HLA–peptide binding prediction

The methods for HLA–peptide binding prediction can be divided into three categories: (1) position-specific scoring matrix (PSSM) based, (2) machine learning based, and (3) structure based.26 The PSSM-based methods generate a matrix for each residue position inside a peptide given a specific HLA. When predicting the binding affinity for a new peptide, values for each residue at each position are attained and summarized for a score by a given formula. The PSSM methods were introduced when the available data were limited. They were gradually replaced by machine learning methods that showed larger data capability, fast prediction speed, and reliable accuracy.27,28 Meanwhile, the structure-based methods, such as residue-based statistical energy function,29 quantitative structure–activity relationship (QSAR) analysis,30 and quantitative sequence–activity models,31 are an alternative to the machine learning methods as more HLA–peptide binding structures are becoming available for analysis. The structure-based methods provide a better insight to understand the HLA–peptide binding at the structure level; however, the prediction accuracy, speed, and scope remain a challenge due to the limited number of available crystal structures.26,32,33 Since the machine learning models are widely developed and used by major institutions, including the largest repository of HLA–peptide binding data, IEDB,34,35 this review focused on the machine learning methods used for predicting HLA–peptide binding.

Current Status

Existing methods

Various machine learning approaches have been used for HLA–peptide binding prediction, including artificial neural network (ANN), decision tree, hidden Markov model (HMM), regression methods, support vector machine (SVM), and consensus methods; the latter combines with several of the former. Table 1 gives an overall summary of these tools including their descriptors, supported HLAs and peptides, and performance.

Table 1

An overview of major machine learning tools for predicting HLA–peptide binding sorted by category and method. The tools were divided into two categories, qualitative or quantitative, depending on the outputs. The underlying method, descriptors, performance, and URL were harvested from the original papers. The supported number and class of HLAs and corresponding length of peptides were harvested from either the original papers or their websites. Some tools utilize extra process to deal with peptides with various lengths, which are listed in the “extra process” column.
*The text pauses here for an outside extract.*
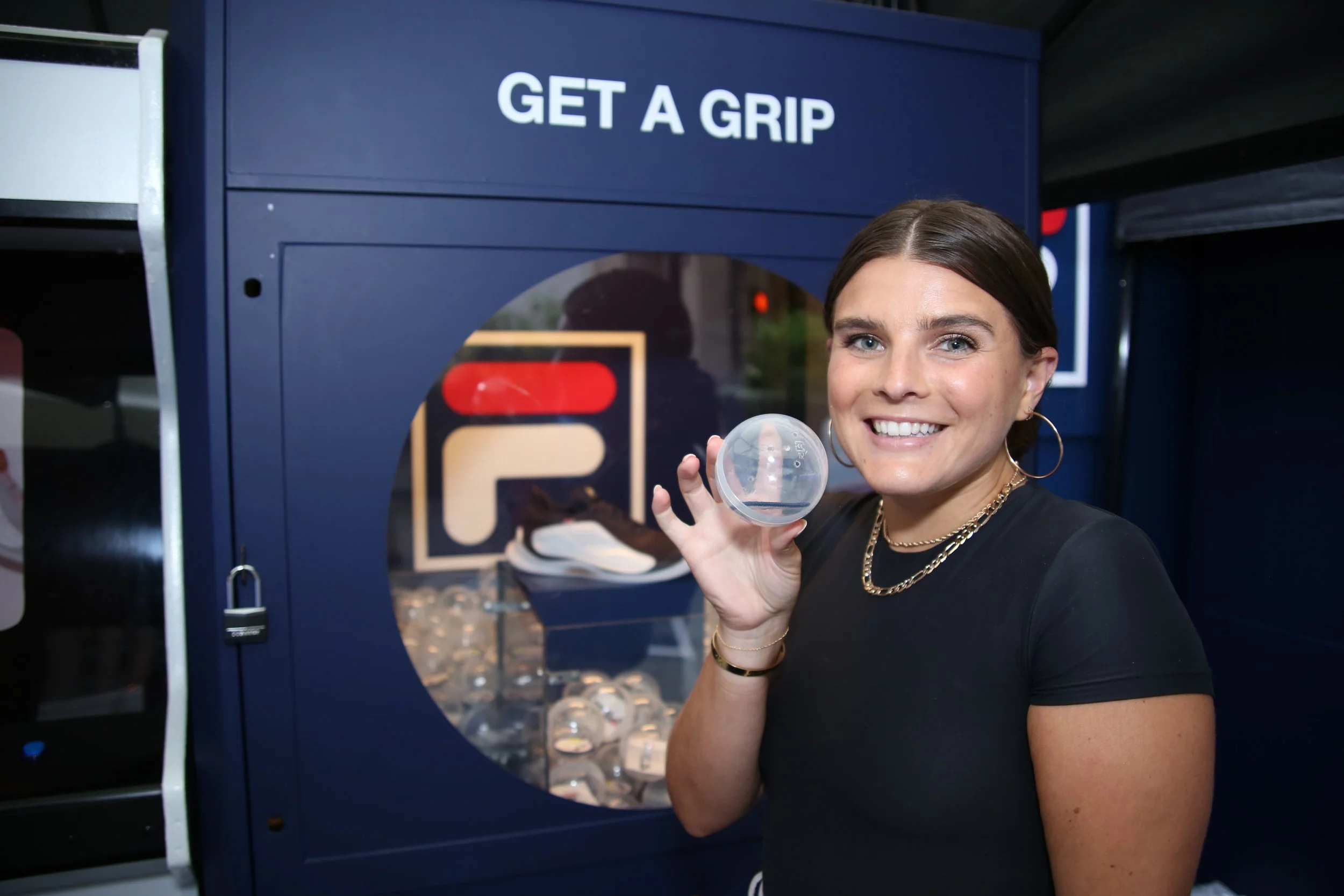 FILA Sponsorship US Open 3.jpeg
CATEGORY	NAME	METHOD	DESCRIPTOR	PERFORMANCE	HLA (CLASS)	PEPTIDE LENGTH (HLA CLASS)	EXTRA PROCESS	URL
Qualitative	ANNPred37	ANN	Sparse encoding	Accuracy: 87.3%±5.9%	30(I)	9-mers(I)	N/A	http://www.imtech.res.in/raghava/nhlapred/neural.html
	MULTIPRED38,39	ANN/HMM/SVM	Sparse encoding	AUC >0.80	23(I), 6(II)	9-mers(I), 9-mer cores(II)	N/A	http://antigen.i2r.a-star.edu.sg/multipred/
	nHLAPred37	ANN/PSSM	Sparse encoding	Accuracy: 93.6%±2.92%	30(I)	9-mers(I)	N/A	http://www.imtech.res.in/raghava/nhlapred/comp.html
	Zhu et al.46	Decision Tree	N/A	Accuracy: ~0.8	16(I)	9-mers(I)	N/A	N/A
	S-HMM48	HMM	N/A	AUC: 0.85~0.89	1(II)	9~25-mers (II)	N/A	N/A
	ocHMM49	HMM	Physicochemical property grouping	Accuracy: 0.35~0.99	2(I)	Various(I)	N/A	N/A
	Salomon et al.61	Kernel	BLOSUM62$	AUC: 0.82~0.96	25(II)	9~33-mers (II)	N/A	N/A
	KISS59	SVM	Heckerman et al81#	AUC: 0.86~0.90	35(I)	9-mers(I)	N/A	http://cbio.ensmp.fr/kiss/
	MHC2PRED54	SVM	Sparse encoding	Accuracy: ~80%	42(II)	9-mers or longer(II)	Matrix optimization techniques (MOTs)	http://www.imtech.res.in/raghava/mhc2pred/
	POPI58	SVM	Physicochemical properties	Accuracy: ~60%	23(I), 21(II)	9-mers(I), 9-mer cores(II)	N/A	http://iclab.life.nctu.edu.tw/POPI/
	SVMHC56,57	SVM/PSSM	Sparse encoding	MCC: 0.85	32(I), 51(II)	9-mers(I), 9-mer cores(II)	N/A	http://abi.inf.uni-tuebingen.de/Services/SVMHC
Quantitative	NetMHC/NetMHCII40,41	ANN	Sparse encoding/BLOSUM50	AUC: 0.914(I), 0.787(II)	78(I), 14(II)	8~11-mers(I), various(II)	NN-align	http://www.cbs.dtu.dk/services/
	NetMHCpan/NetMHCIIpan42,43	ANN	Sparse encoding/BLOSUM50#	Pearson: 0.77(I), AUC: 0.847(II)	150(I), 35(II)*	8~14-mers(I), 9~19-mers(II)	Similar to NN-align	http://www.cbs.dtu.dk/services/
	IEDB35,62,63	ANN/Consensus	N/A	AUC: 0.96(I), 0.76(II)	50(I), 54(II)	Various(I/II)	N/A	http://tools.immuneepitope.org/main/tcell/
	NetMHCcons64	Consensus	N/A	Better than single methods	101(I)*	8~15-mers(I)	N/A	http://www.cbs.dtu.dk/services/NetMHCcons/
	MHCMIR/MHC2MIR52,53	MIL/MIR	BLOSUM62$	AUC: 0.73~0.89	26(II)	9~25-mers(II)	N/A	http://datamining-iip.fudan.edu.cn/service/MHC2MIL/index.html
	MHCPRED50	QSAR regression	N/A	q2: 0.3~0.8	11(I), 3(II)	9-mers(I), 9-mer cores(II)	N/A	http://www.ddg-pharmfac.net/mhcpred/MHCPred/
	SVRMHC51	SVR	Sparse encoding/11 physicochemical properties	q2: −0.6~0.7	36(I), 6(II)	9-mer cores(I/II)	Iterative self-consistent (ISC)	http://svrmhc.biolead.org

Notes:

NetMHCpan/NetMHCIIpan/NetMHCcons can predict any HLA allele with a known sequence, thus the HLA number is unlimited.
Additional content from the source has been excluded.